Like Jesus, my blog has resurrected after 3 days [or 5 years since biblical references really aren't to be taken literally(yes, Theo)]. My blog has been revived mainly because I found twitter a bit restricting. I want to say so much, but the 160 characters kinda hold me back from speaking my mind. Accompanying the revival of this blog is its cleansing. Over the years, I've seen how much the way I think and how I write has changed. It's actually kinda nice to start with a clean slate and I promise to blow the minds of the readers with awesomeness and meaningless insights. So with that, I say unto you in the words of Mark Dacascos' uncle, "Allez cuisine!"
Last night, I was coerced by my close friends Di Genove and Pauline Ylaya to try Chatroulette. Being the curious and adventurous person that I am, I did. It started off well, as i clicked the first few Nexts. After around 7 clicks, I realized that most of the people who were using it were guys. After around 3 more clicks, I realized that most of the guys were really horny.
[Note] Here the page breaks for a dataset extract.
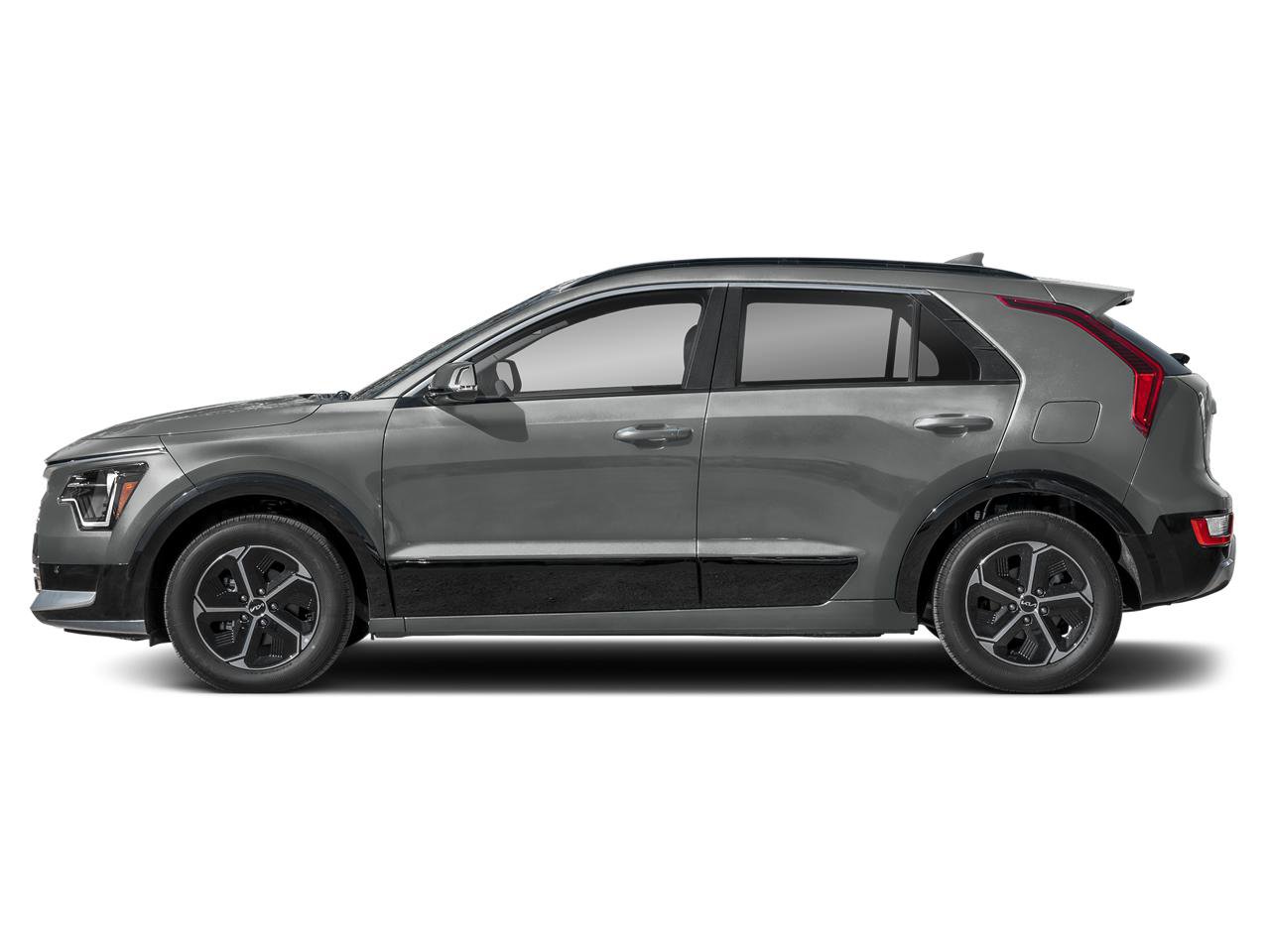 New 2026 Kia Niro SX image 30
By my 20th Next, I had encountered around 7 people who were jacking-off. I'm estimating that I encountered around 50 people in the duration that I was online. 6 of them were girls, 4 of them were ugly. The others were guys who looked like either hillbillies, bums, pedophiles or rapists. I've come to the conclusion that Chatroulette is a site that promotes homosexuality. F that.
And to Di Genove, who persistently continues to persuade me to show her my legs, here you go. Yoga gear battle mode, ENGAGE!